This is such a critical time for the manufacturing industry. Between operational evolution and current events like reshoring, manufacturers are working hard to become the US powerhouse they once were. Amidst all the new technologies and newly-developing consumer demands, business owners are cautioned not to neglect one of the greatest differentiators between successful and unsuccessful businesses: employee happiness.
More specifically, this secret ingredient is an engaged workforce.
Gallup’s research shows that a company’s profitability, productivity, and client satisfaction are just a few of several performance outcomes that are closely linked with employee engagement. Furthermore, companies with engaged workforces rebounded the most quickly during the economic recovery.

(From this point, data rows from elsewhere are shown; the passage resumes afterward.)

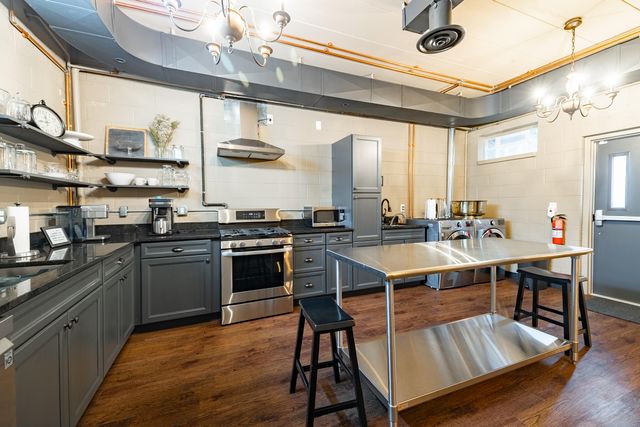 2730 Edsel St Street, Trenton, MI 48183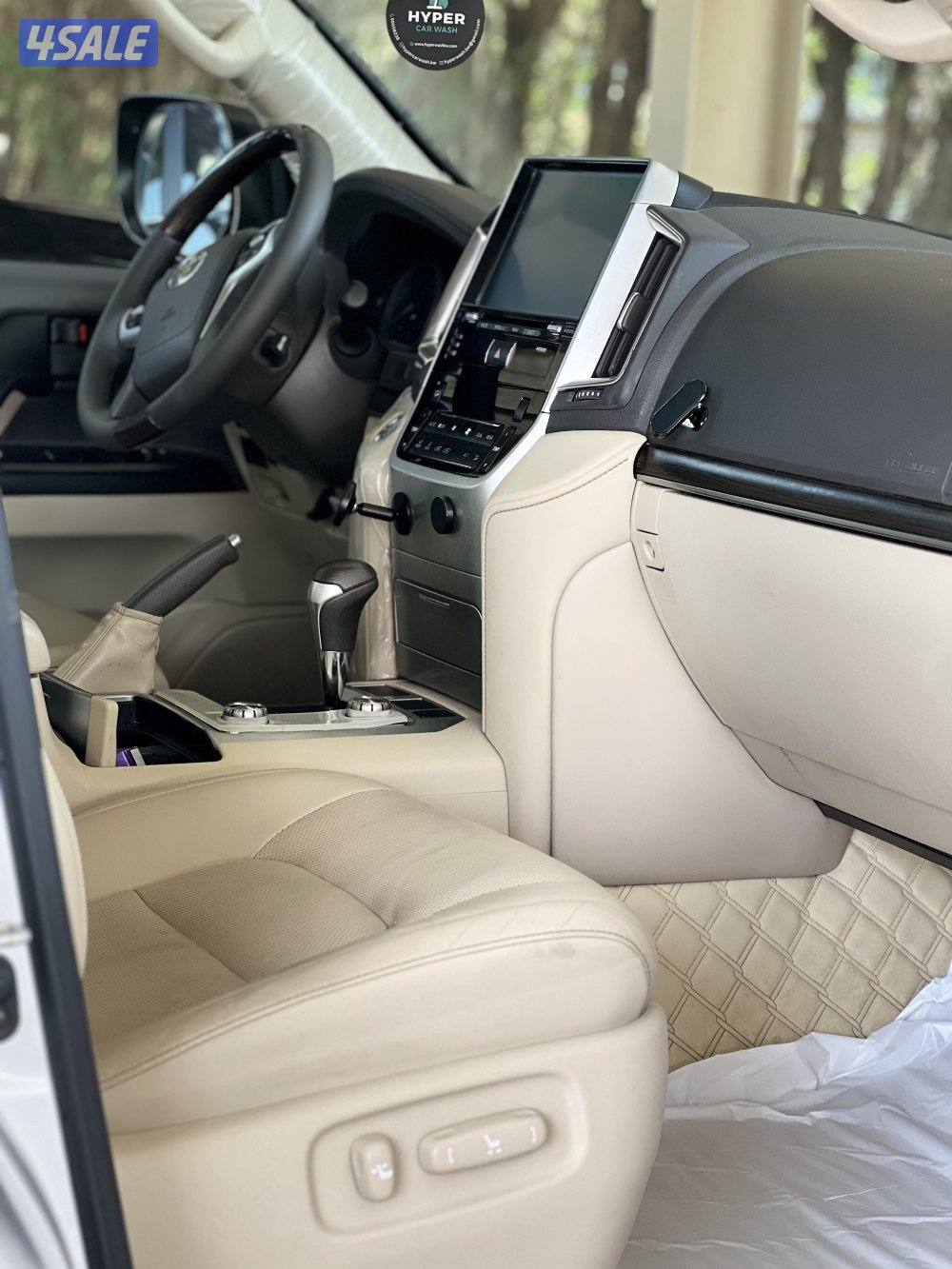 لاندكروز 20195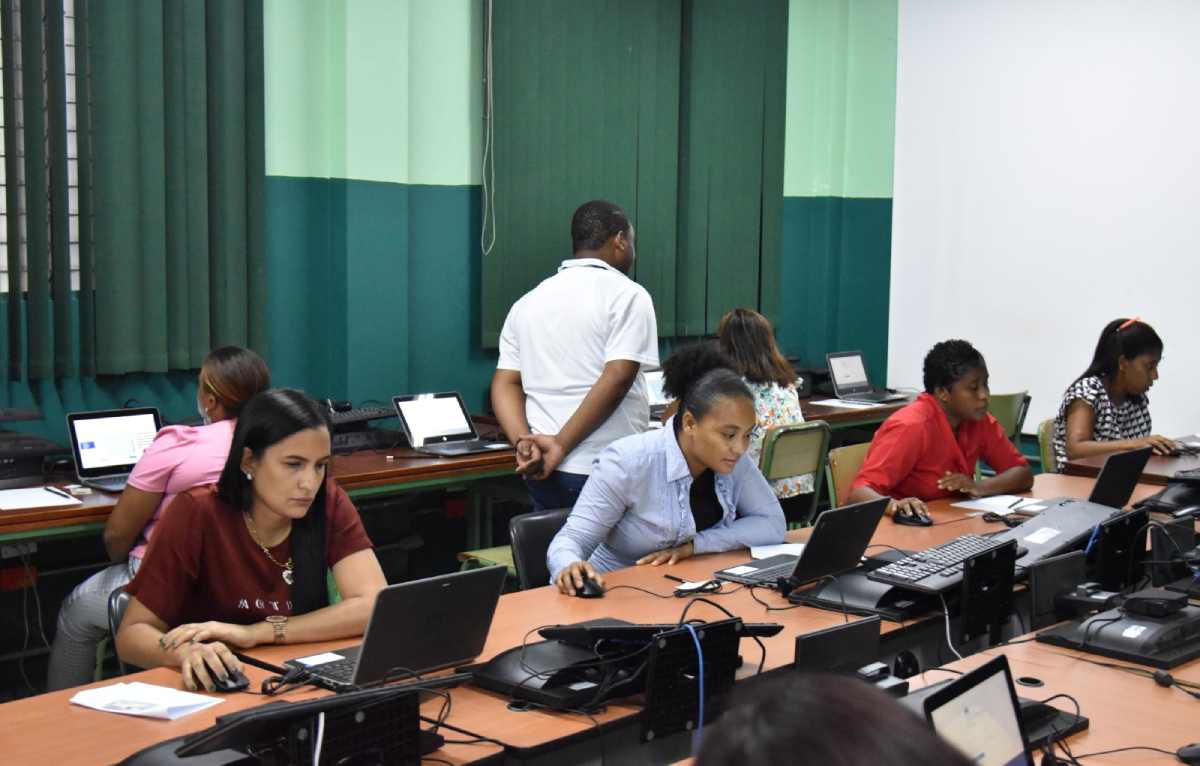 MINERD designa más de 41 mil docentes, detalles del concursos de oposición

A workforce that feels cared about, important, empowered, and supported is driven to move its company forward. These employees feel passionate about their work because they feel connected to their company. They are engaged in their jobs, and that is one of the most consistent qualities that employees of the most successful businesses share.
Shockingly, the latest data Gallup released on the topic shows that only 13% of employees are engaged, and a whopping 87% of workers are either not actively engaged or disengaged. That means that the vast majority of employees are either mentally checked out or actively weakening the quality of work produced at their companies.
In Gallup’s 2013 State of the Global Workplace Report, it outlined three crucial ways to improve employee engagement. They are: selecting the right people, identifying/developing employees’ strengths, and enhancing employees’ well being.
Industry Week responded to Gallup’s report with Pete Fehrenbach’s article, “Employee Engagement: the Jazzed Workforce.” Fehrenbach shares insights from a few successful manufacturers whose employee engagement is off the charts. He focuses on three major themes that surfaced, the most reinforced of which is employee safety.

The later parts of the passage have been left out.